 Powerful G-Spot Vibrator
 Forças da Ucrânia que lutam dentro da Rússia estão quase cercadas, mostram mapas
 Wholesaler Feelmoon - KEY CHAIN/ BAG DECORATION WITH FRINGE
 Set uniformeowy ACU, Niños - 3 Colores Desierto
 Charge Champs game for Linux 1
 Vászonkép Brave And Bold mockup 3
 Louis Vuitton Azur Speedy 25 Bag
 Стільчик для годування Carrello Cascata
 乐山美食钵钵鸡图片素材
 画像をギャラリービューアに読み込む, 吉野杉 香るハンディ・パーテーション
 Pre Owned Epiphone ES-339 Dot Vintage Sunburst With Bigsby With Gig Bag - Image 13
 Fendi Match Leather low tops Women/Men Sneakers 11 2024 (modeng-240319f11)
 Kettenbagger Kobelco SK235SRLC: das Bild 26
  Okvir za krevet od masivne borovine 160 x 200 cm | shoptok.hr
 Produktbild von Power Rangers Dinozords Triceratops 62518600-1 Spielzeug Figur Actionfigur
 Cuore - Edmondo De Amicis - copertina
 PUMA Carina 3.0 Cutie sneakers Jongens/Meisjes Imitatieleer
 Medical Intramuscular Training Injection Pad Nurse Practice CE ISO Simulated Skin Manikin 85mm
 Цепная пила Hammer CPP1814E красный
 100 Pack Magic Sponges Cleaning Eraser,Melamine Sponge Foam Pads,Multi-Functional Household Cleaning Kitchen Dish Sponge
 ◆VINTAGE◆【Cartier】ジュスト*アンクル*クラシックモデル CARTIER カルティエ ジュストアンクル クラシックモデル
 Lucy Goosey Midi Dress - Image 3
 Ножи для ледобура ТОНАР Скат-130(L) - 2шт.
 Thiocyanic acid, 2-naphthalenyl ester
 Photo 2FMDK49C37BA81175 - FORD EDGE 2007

*DESCRIPTION OF THE TASK*: Every line in the material must be repeated verbatim.

*REPLY*:
 Powerful G-Spot Vibrator
 Forças da Ucrânia que lutam dentro da Rússia estão quase cercadas, mostram mapas
 Wholesaler Feelmoon - KEY CHAIN/ BAG DECORATION WITH FRINGE
 Set uniformeowy ACU, Niños - 3 Colores Desierto
 Charge Champs game for Linux 1
 Vászonkép Brave And Bold mockup 3
 Louis Vuitton Azur Speedy 25 Bag
 Стільчик для годування Carrello Cascata
 乐山美食钵钵鸡图片素材
 画像をギャラリービューアに読み込む, 吉野杉 香るハンディ・パーテーション
 Pre Owned Epiphone ES-339 Dot Vintage Sunburst With Bigsby With Gig Bag - Image 13
 Fendi Match Leather low tops Women/Men Sneakers 11 2024 (modeng-240319f11)
 Kettenbagger Kobelco SK235SRLC: das Bild 26
  Okvir za krevet od masivne borovine 160 x 200 cm | shoptok.hr
 Produktbild von Power Rangers Dinozords Triceratops 62518600-1 Spielzeug Figur Actionfigur
 Cuore - Edmondo De Amicis - copertina
 PUMA Carina 3.0 Cutie sneakers Jongens/Meisjes Imitatieleer
 Medical Intramuscular Training Injection Pad Nurse Practice CE ISO Simulated Skin Manikin 85mm
 Цепная пила Hammer CPP1814E красный
 100 Pack Magic Sponges Cleaning Eraser,Melamine Sponge Foam Pads,Multi-Functional Household Cleaning Kitchen Dish Sponge
 ◆VINTAGE◆【Cartier】ジュスト*アンクル*クラシックモデル CARTIER カルティエ ジュストアンクル クラシックモデル
 Lucy Goosey Midi Dress - Image 3
 Ножи для ледобура ТОНАР Скат-130(L) - 2шт.
 Thiocyanic acid, 2-naphthalenyl ester
 Photo 2FMDK49C37BA81175 - FORD EDGE 2007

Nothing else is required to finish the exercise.